> [Problem description]:
The listing below should be printed in full and exactly, apart from its images.
◇ ◇ ◇ ◇ ◇
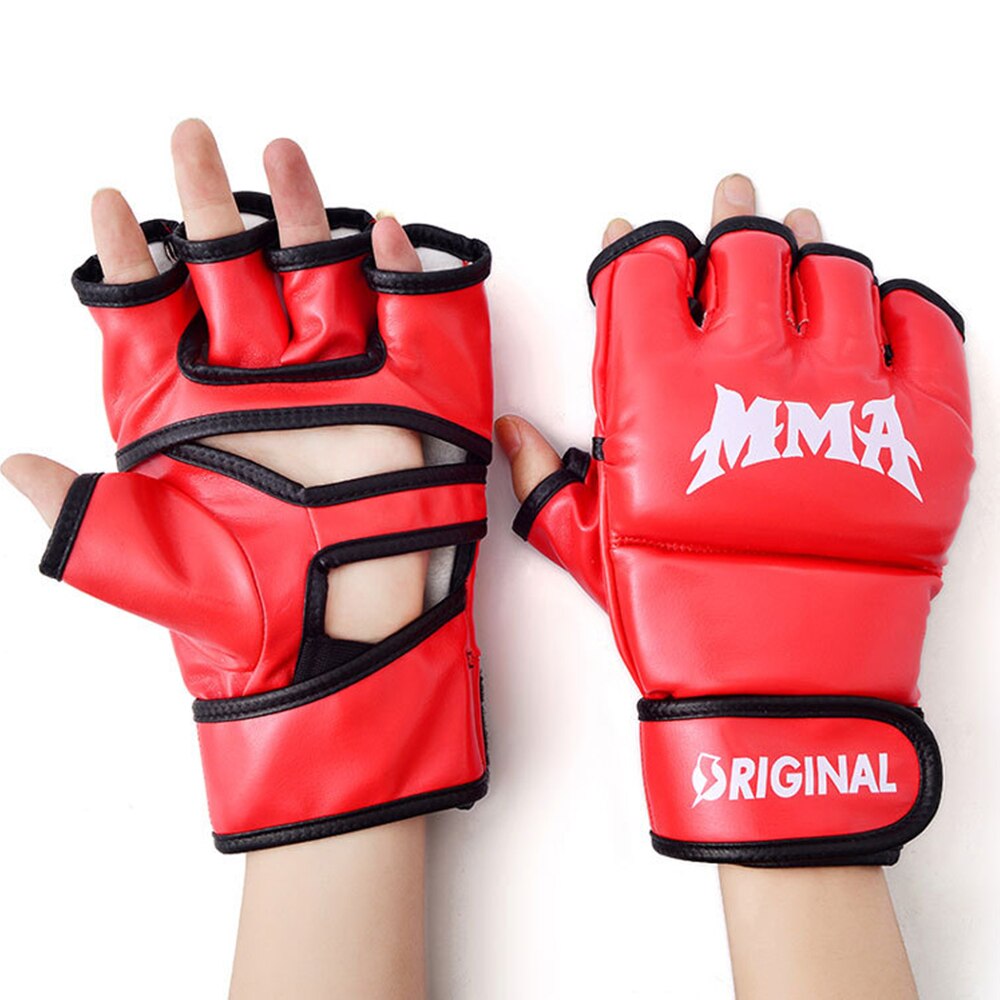 1 Pair Thick Boxing Gloves MMA Gloves Half finger Sanda Taekwondo Fight MMA Sandbag Gloves TKD Training Equipment: red / 23cm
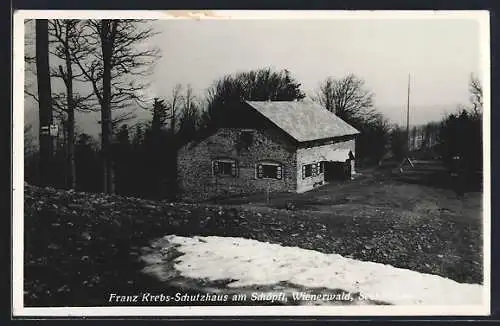 AK Franz Krebs-Schutzhaus am Schöpfl, Ansicht im Winter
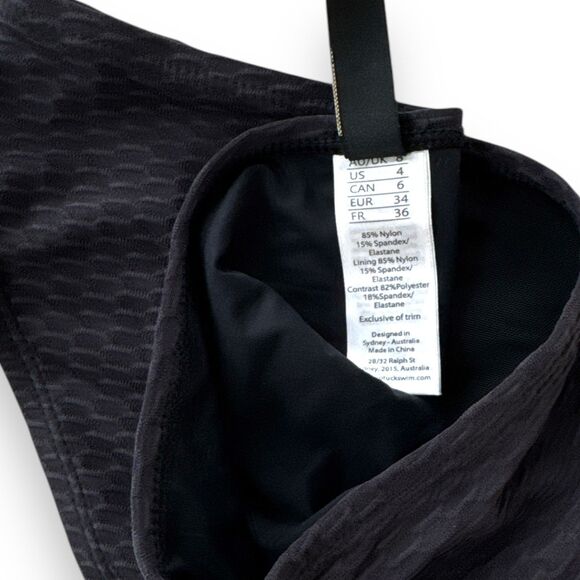 Audrey Omega Texture 2pc Shaping Tankini Black Wm Sz 4 Sewn-in-place molded cups - Picture 6 of 8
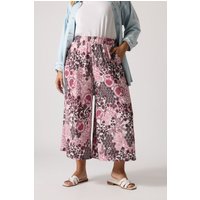 Yours Yours Damen Strukturierte, Knöchellange Hose in Rosa mit Paisleymuster in Größe 46 | Polyester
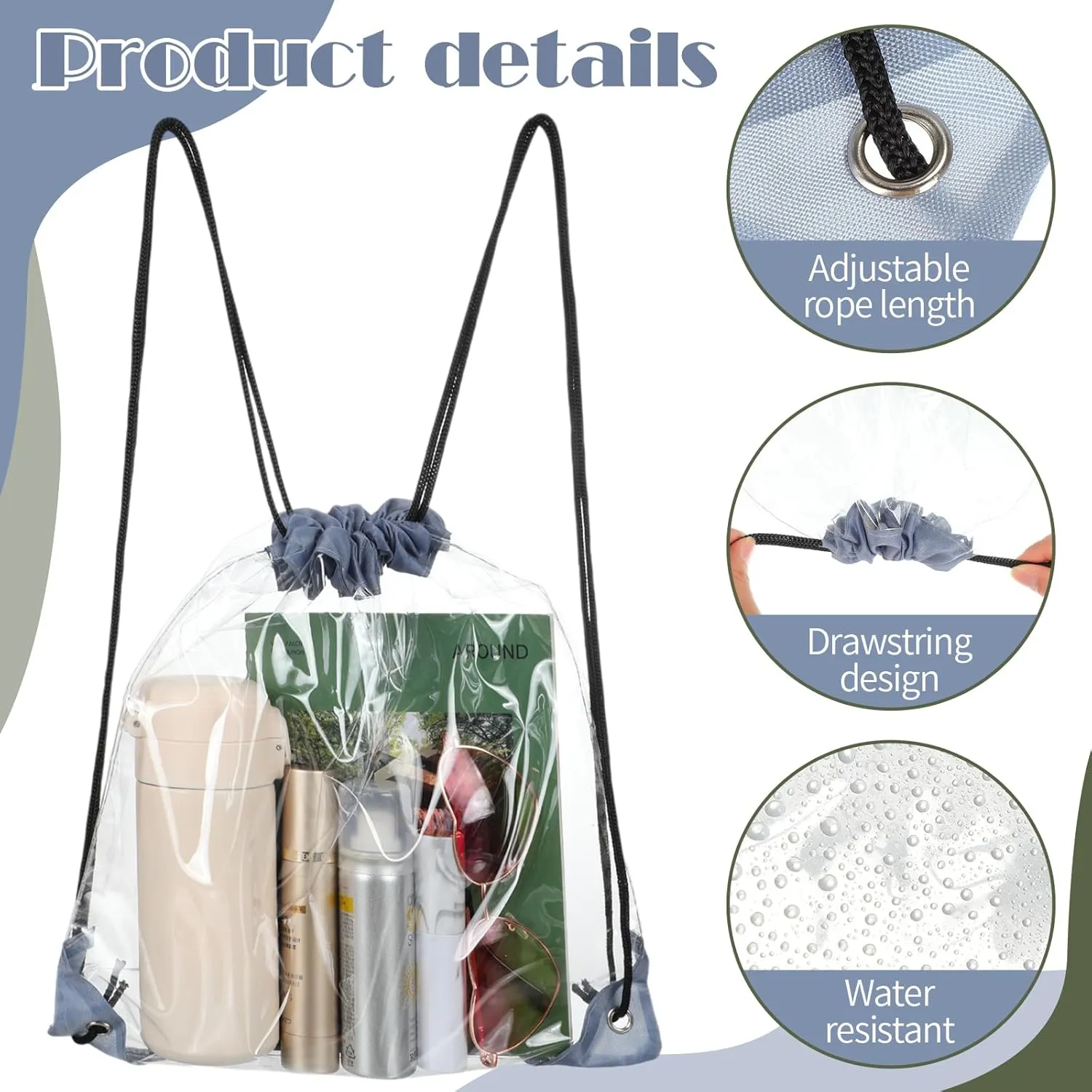 Shappy 30 Pieces Clear Drawstring Backpack, Plastic Waterproof Transparent Stadium Bags String Bag for Gym Travel(Gray)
◇ ◇ ◇ ◇ ◇
> [Solution to this exercise]:
 1 Pair Thick Boxing Gloves MMA Gloves Half finger Sanda Taekwondo Fight MMA Sandbag Gloves TKD Training Equipment: red / 23cm
 AK Franz Krebs-Schutzhaus am Schöpfl, Ansicht im Winter
 Audrey Omega Texture 2pc Shaping Tankini Black Wm Sz 4 Sewn-in-place molded cups - Picture 6 of 8
 Yours Yours Damen Strukturierte, Knöchellange Hose in Rosa mit Paisleymuster in Größe 46 | Polyester
 Shappy 30 Pieces Clear Drawstring Backpack, Plastic Waterproof Transparent Stadium Bags String Bag for Gym Travel(Gray)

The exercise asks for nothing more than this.